“Di tengah hiruk pikuknya efisien dan transparansi, beredar informasi oknum eskondel meminta uang kepada pejabat dan kepala sekolah di Aceh Selatan, operandi itu jangan biarkan berkembang biak dan kecanduan ,” kata Teuku Sukandi.
TAPAKTUAN, INFORakyat.co – Koordinator For-PAS sekaligus pemerhatian kebijakan pemerintah, Teuku Sukandi mengaku mencium aroma tidak sehat yang dilakoni segelintir oknum dengan dalih konfirmasi dan meminta data penggunaan, pengelolaan anggaran kepada pejabat serta kepala sekolah.
"Saya mendapat informasi dari sejumlah pejabat tentang aksi oknum eskondel yang identik preman bergerilya ke sejumlah pejabat dengan dalih konfirmasi dan meminta data pengelolaan anggaran di Organisasi Pemerintah daerah (OPD). Ujung-ujungnya minta sedekah alias esmenenten dengan ancaman verbal, bila tidak diindahkan maka akan dipublikasi ke media massa, itu bentuk pemerasan," ujar Teuku Sukandi kepada INFORakyat, Rabu (7/5/2025).
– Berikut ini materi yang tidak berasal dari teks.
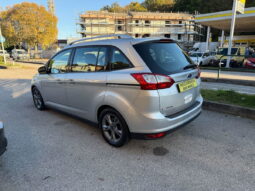 
										FORD – C-Max –  1.5 TDCi 120 CV Pow. S&S Business full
Disebutkan Teuku Sukandi, tingkah polah dan gaya yang diperagakan bak penyidik dan terkesan kemlinthi (akulah), menakut-nakuti calon korban berujung mendapat cuan secara instan dan tekanan.
Baca Juga:
Siswa MAN 4 Aceh Selatan diasah dan Sosialisasi Dasar Menulis, Literasi Media dan Pemahaman Hoaks
"Iya, saya sudah mendapat laporan tentang kronologi tersebut, bahkan sudah menyebar ke ruang publik, iya mungkin sudah ada korban. Anehnya, oknum Eskonder itu memasang muka tembok dan tidak tau malu," imbuh Sukardi tanpa membongkar siapa sosok dimaksud.
Praktik yang dilakoni, sambung Teuku Sukandi, sudah sangat meresahkan masyarakat, pejabat dan kepala sekolah, padahal cara-cara seperti itu dilarang oleh agama dan bertentangan dengan aturan pemerintah.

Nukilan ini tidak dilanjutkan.